Convalesco | Notes on dynamodb auto-scaling

DynamoDB is a fast and flexible NoSQL database service for any scale offered by Amazon. As most AWS offerings calculating the usage cost can be quite a challenge. The important thing to remember when working with dynamoDB is that writes are expensive while reads are cheap.

We’re evaluating dynamoDB auto-scaling in my workplace. Auto-scaling seems to work well for bell-shaped ops patterns. If the ops pattern is not predictable, might be a good idea to take a look at an alternative auto-scaler for dynamo.

There are three values that take part dynamoDB auto-scaling:

consumed capacity: The sum of write or read operations
provisioned capacity: The provisioned value for read or write operations
target utilization: (consumed capacity / provisioned capacity) * 100

The target utilization is the percentage auto-scaling will adjust provisioned capacity, as the consumed capacity grows. It’s essentially the buffer you need to avoid throttling. When throttling occurs the request will receive an error, HTTP 400 status code, and will not be served.

One read capacity unit consists of any item up to 4KB. If it’s more than that, you get charged accordingly. For example fetching a 7KB item, will count as 3 read capacity units. That is true for strongly consistent data.

For eventually consistent data two read items will count as one read item and thus cut down the cost by half. Makes sense since eventually consistent is cheaper in many ways.

For writes, the capacity unit is 1KB in size. So to write 10 KB/s you need at least 10 write capacity units.

Dynamo capacity units support bursting. Bursting will collect and make available the unused capacity units of the last 5 minutes. This will allow most to avoid throttling on sudden spikes. Burst capacity is available as a CloudWatch metric, luckily. Burst capacity units are used for underlying operations as maintenance, the documentation advises against leaning heavily on available burst capacity.

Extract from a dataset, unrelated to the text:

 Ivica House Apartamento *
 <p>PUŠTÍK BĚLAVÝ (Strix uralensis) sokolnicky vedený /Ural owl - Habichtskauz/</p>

There’s no constraint in the number of scale-up actions but only 4 closely timed scale-down actions are allowed per day. Afterwards step-down auto-scaling is allowed once every two hours. So although scale-up is instant, scale down will take some time.

Batch reads and writes have the same cost as the sum of the batch. To improve throughput performance and avoid throttling distributed write/read activity is advised.

When throttling happens even though the provisioned capacity is bigger than the consumed capacity, the reason is a hot partition. A hot partition, is a partitions which performs high number of ops compared to other partitions. That is a bit tricky to solve when we have only one partition. The solution in that case is to decrease the target utilization. Partitioning is handled automatically by dynamoDB. One partition takes up to 3k items. The next item will be written in a new partition. Ideally, writes and reads should be distributed across partitions.

I noticed that for small write capacity units (e.g. 20-30), you’ll hit throttling for any target utilization above 20%. Note that 20% target utilization, meaning 80% buffer, is the lowest available. Currently I’ve played with low number of capacity writes, from hundreds to few thousands, but the pattern is clear: the higher you go in capacity units the smaller your buffer can be, without throttling. For example a target value of 80% in 10k writes capacity will give you less, if any, throttling compared to 80% target value in 50 or 100 write capacity units.